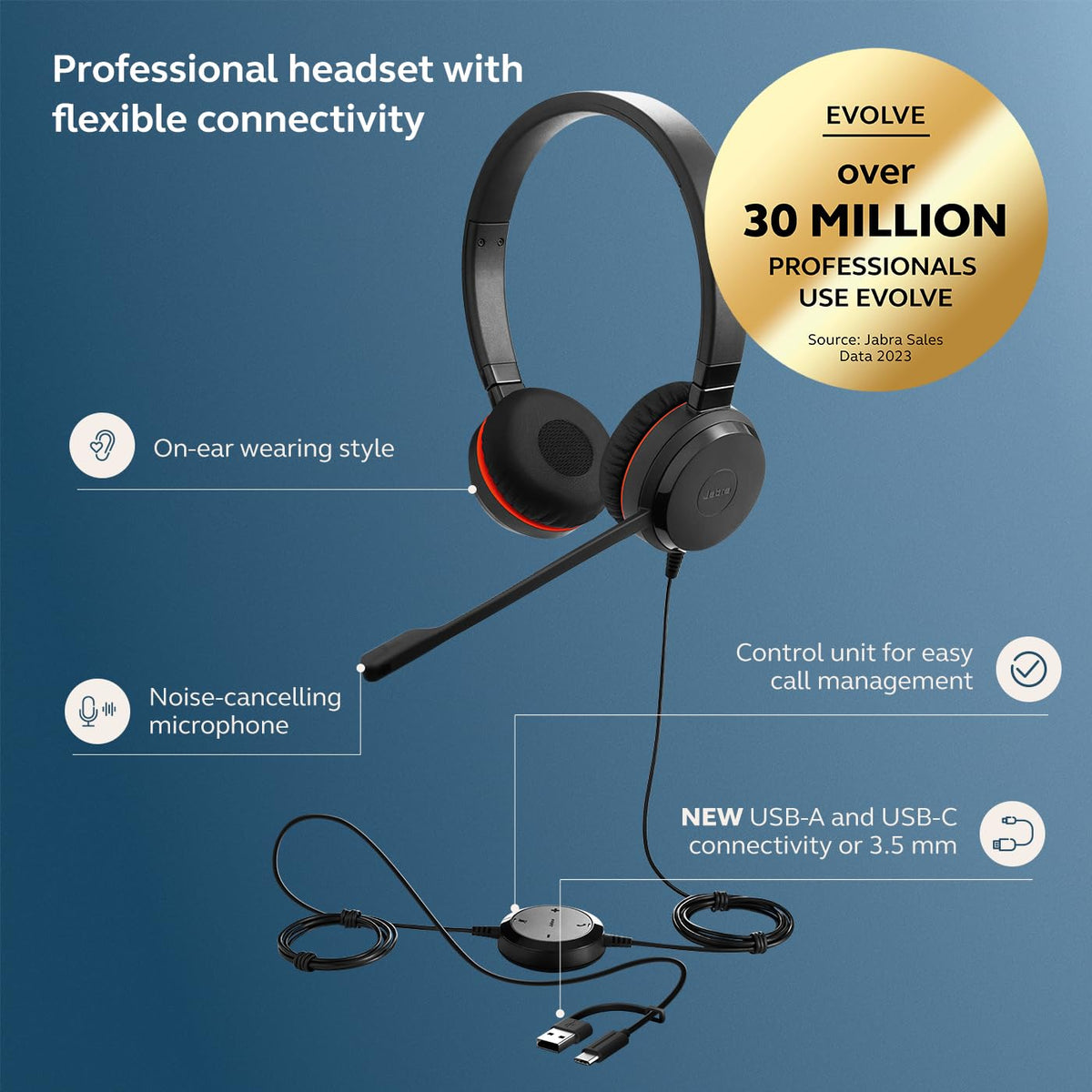 Wired Dual-Ear Headset with Mic, Black Z804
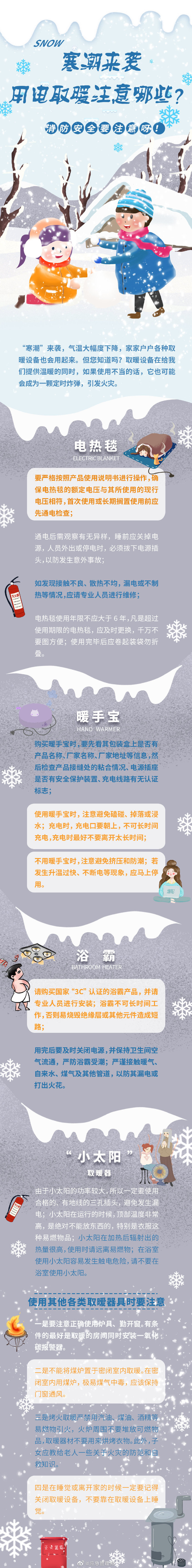 寒潮來襲，用電取暖注意哪些？(圖1)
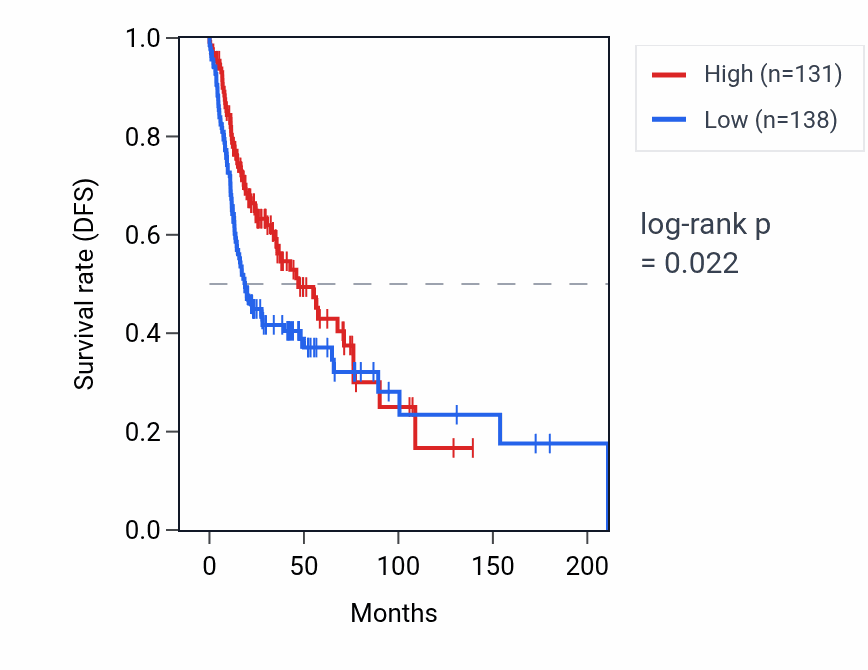 Kaplan&ndash;Meier survival curve for C1RL-AS1 RNA expression in HNSC: high vs low expression groups.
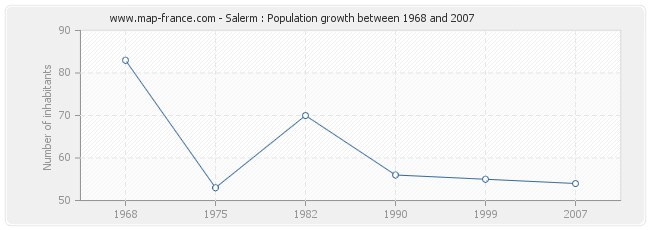 Population Salerm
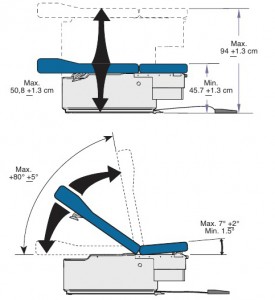 ritter222-inclinaison
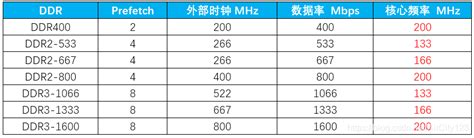 怎么看内存是ddr3还是ddr4，怎么看内存是ddr几（小编教你怎么查看内存条型号）_犇涌向乾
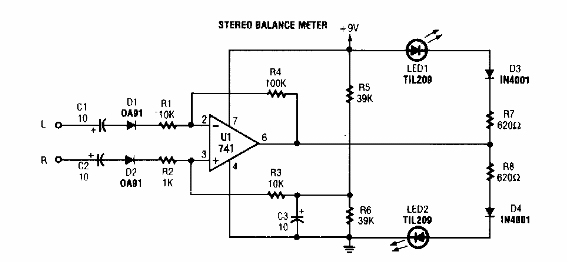 Indicador de balance estéreo
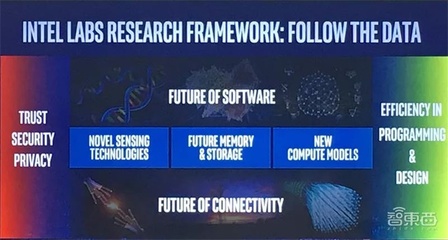 對話英特爾研究院院長 聚焦三大顛覆式技術，量子計算雖遠，網絡技術創(chuàng)新前景廣闊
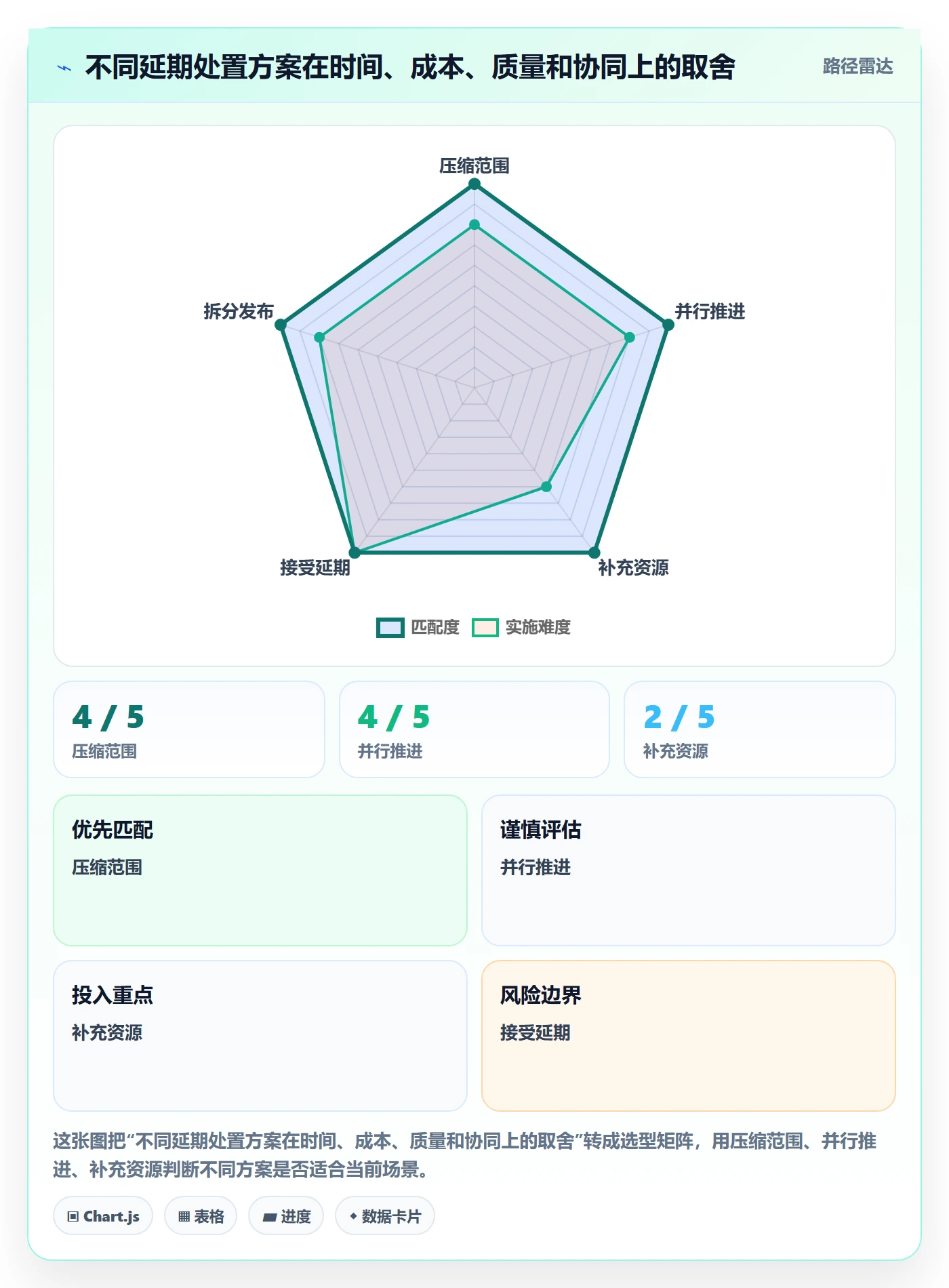 延期管理如何做好延期审批？项目经理落地方案与操作步骤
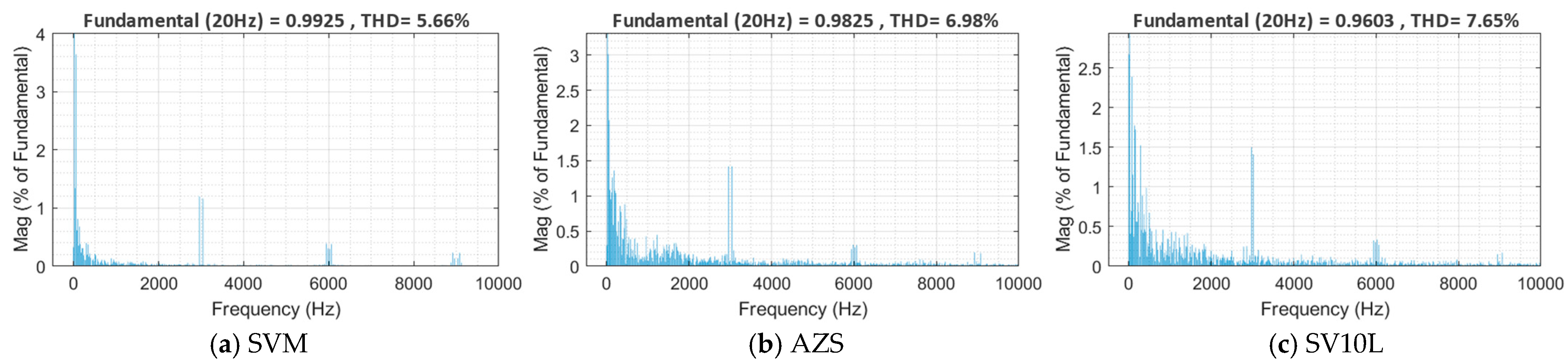 Applsci 12 12553 g011 Applsci 12 12553 g011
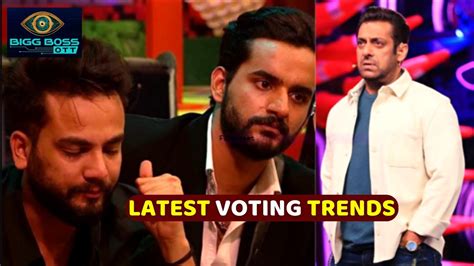 Bigg Boss Ott Latest Voting Trends Elvish Abhishek Youtube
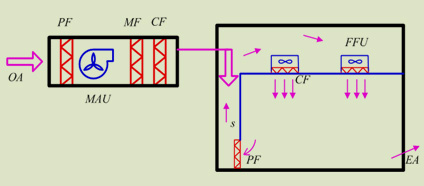 Pure cycle air conditioning box (RCU) way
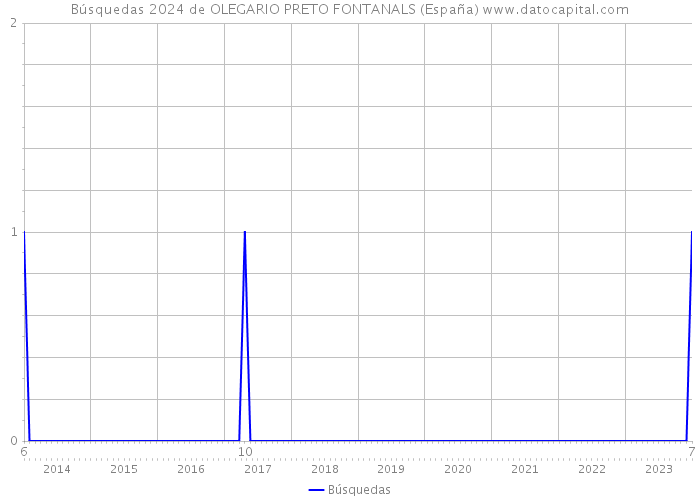 Búsquedas 2024 de OLEGARIO PRETO FONTANALS (España) 
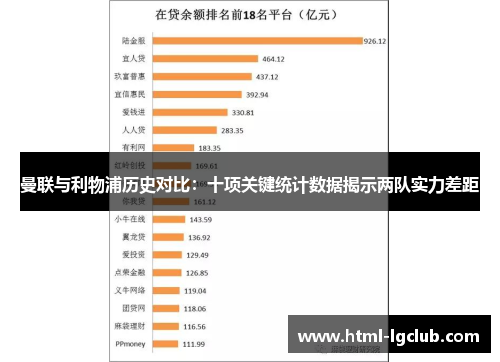 曼联与利物浦历史对比：十项关键统计数据揭示两队实力差距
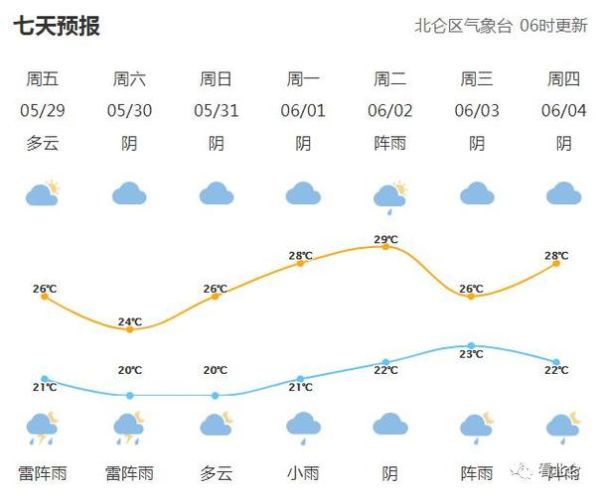 北侖天氣預(yù)報(bào)24小時(shí)(  溫度會(huì)降到20度以下嗎)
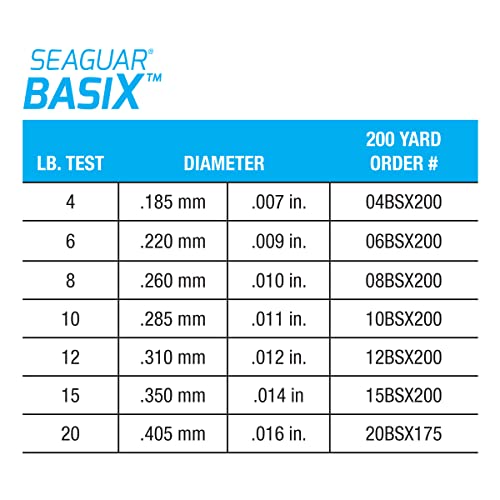 Seaguar 101 Basix 100% Fluorocarbon Fishing Line, 200Yds, 15Lbs Line/Weight, Clear - 15BSX200, 200 yard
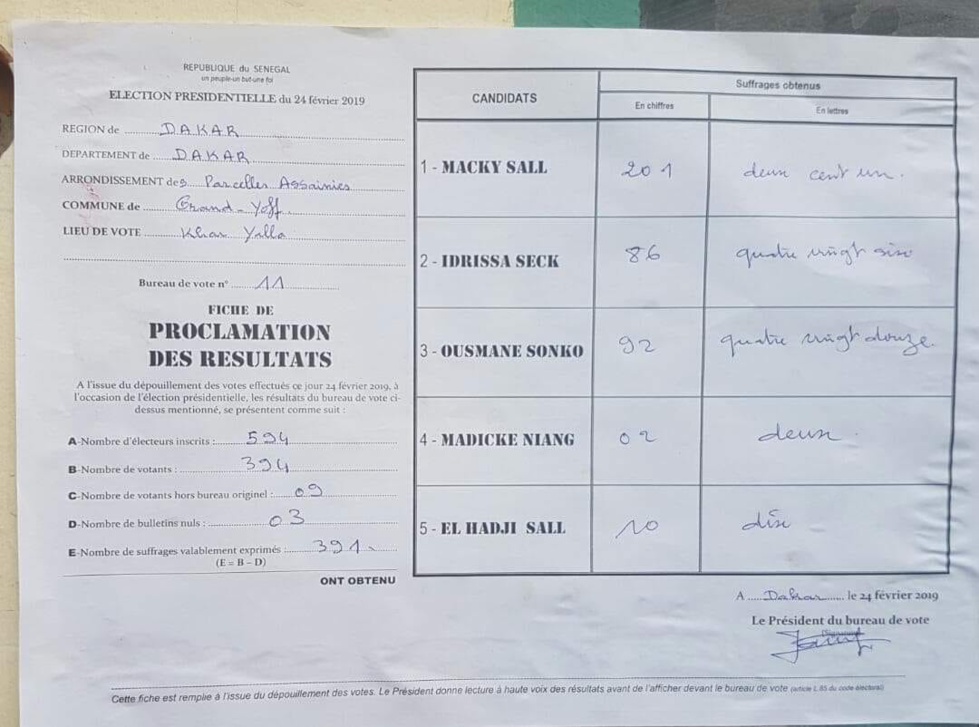 ELECTION PRÉSIDENTIELLE 2019 : Les resultats Khar Yalla - Grand Yoff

TASK DESCRIPTION: Where the line containing "Seaguar 101 Basix" appears, begin copying there and continue exactly through the final line of the records; both end lines belong in the copy, pictures do not.

RESPONSE AREA:
 Seaguar 101 Basix 100% Fluorocarbon Fishing Line, 200Yds, 15Lbs Line/Weight, Clear - 15BSX200, 200 yard
 ELECTION PRÉSIDENTIELLE 2019 : Les resultats Khar Yalla - Grand Yoff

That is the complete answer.